In February 2017, implementing the rule change published in December 2016, OFAC changed the applicable list from one delineating products approved under the general license to the List of Medical Devices Requiring Specific Authorization, noting that this change was consistent with existing licensing policy. In essence, the list relating to medical devices was flipped, from one that identified what could be exported to Iran to one that now identifies what cannot be exported to Iran. All medical devices properly classified as EAR99 items (and properly falling within the definition of medical devices found in 31 CFR § 560.530) have been authorized for export to Iran, and continue to be so under the current general licensing scheme.

The only medical devices that are excluded from the general license are those on the List of Medical Devices Requiring Specific Authorization or those that are not classified as EAR99. The requirement for an affirmative classification of EAR99 is relevant because it means that items not subject to the Export Administration Regulation (EAR) at all (i.e., those controlled by the International Traffic in Arms Regulations or US Department of Energy) are not covered by the general license.

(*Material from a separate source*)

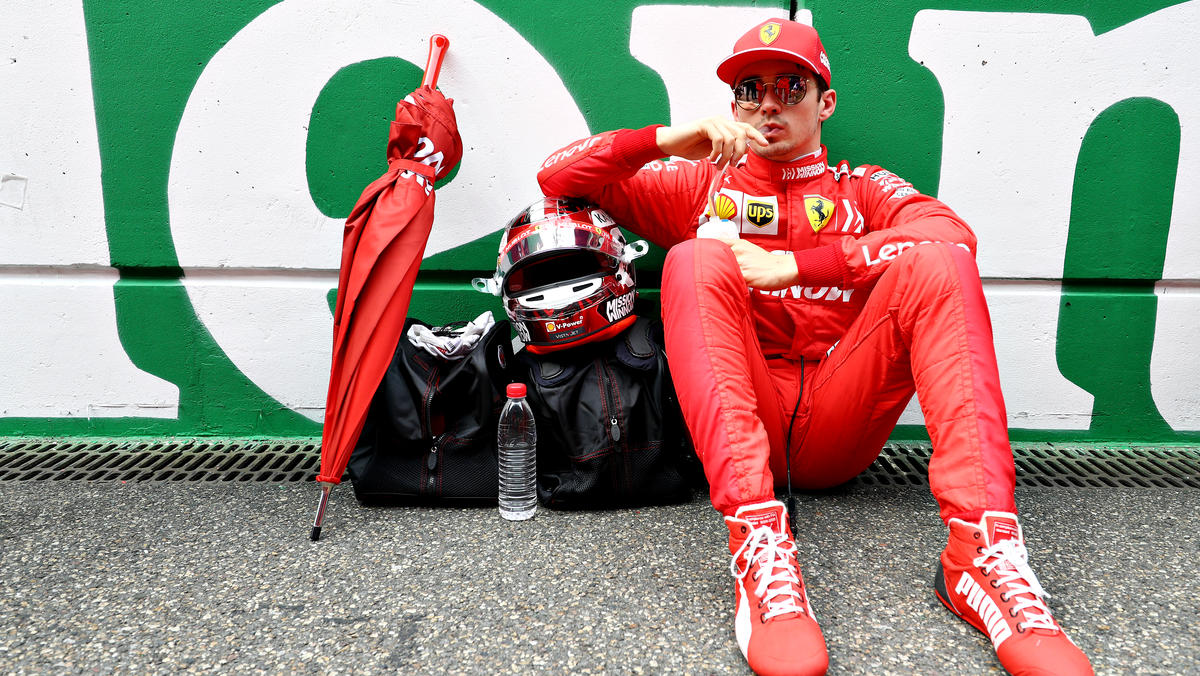 Ferrari-Pilot Charles Leclerc wird bisher als klarer Nummer-zwei-Fahrer behandelt Ferrari-Pilot Charles Leclerc wird bisher als klarer Nummer-zwei-Fahrer behandelt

The general license also permits all necessary and associated transactions (entry into contracts, shipping, insurance, receipt of payment) to give effect to the export or re-export of the medical device made pursuant to it. The requirements for payments also have not changed. Payment for authorized exports or re-exports, however, must be made in accordance with one of the specified methods in the ITSR, including the following:

  1. Payment by cash in advance
  2. Sales on open account
  3. Financing by third-country financial institutions
  4. Letter of credit issued by certain Iranian financial institutions

Therefore, while the applicability of the ITSR’s general license remains fairly clear, any proposed payment arrangement should be carefully reviewed to ensure it complies with the various nuanced requirements in the ITSR, as now modified after withdrawal from the JCPOA.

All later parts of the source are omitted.